### SOURCE DATA
════════════════

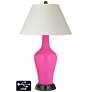 White Empire Jug Table Lamp - 2 Outlets and 2 USBs in Fuchsia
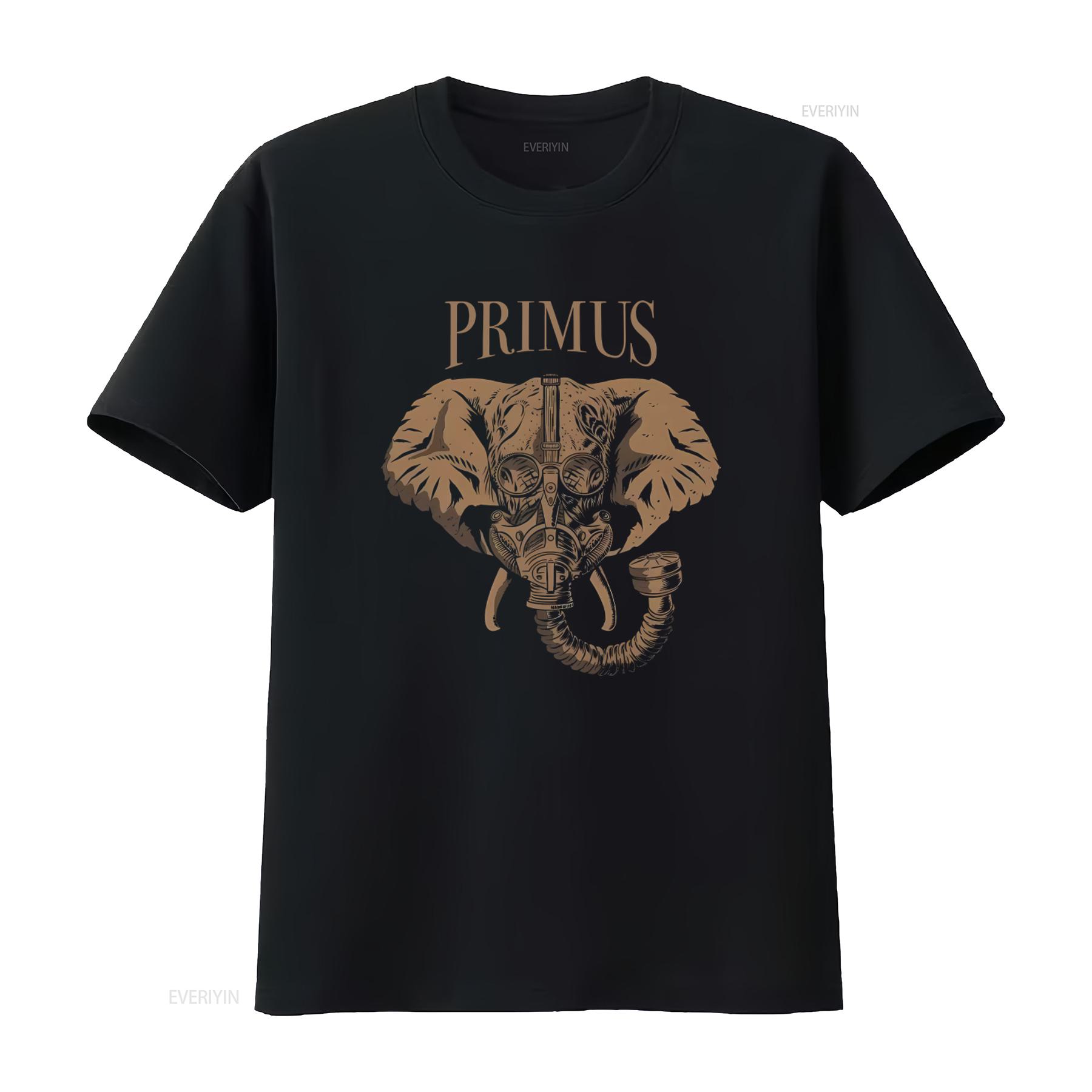 

Cotton T Shirt Primus Steampunk Elephant Design Les Claypool Larry LaLonde Tim Alexander vintage Washed Breathable Casual 4XL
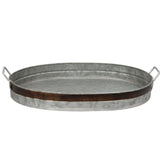 1 x RAW Customer Returns Sintosin Shabby Chic Industrial Style Galvanized Decorative Serving Tray with Handle 41x28x6.6 cm, Rustic Decorative Tray Oval Serving Tray Large for Kitchen, Breakfast, Tea, Coffee Table - RRP €20.4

════════════════

### REQUIREMENT
Print the lines from the line with "Cotton T Shirt" to the end of the data above. Include both ends, exclude the pictures, and add nothing else.

### PROBLEM SOLUTION
Cotton T Shirt Primus Steampunk Elephant Design Les Claypool Larry LaLonde Tim Alexander vintage Washed Breathable Casual 4XL
 1 x RAW Customer Returns Sintosin Shabby Chic Industrial Style Galvanized Decorative Serving Tray with Handle 41x28x6.6 cm, Rustic Decorative Tray Oval Serving Tray Large for Kitchen, Breakfast, Tea, Coffee Table - RRP €20.4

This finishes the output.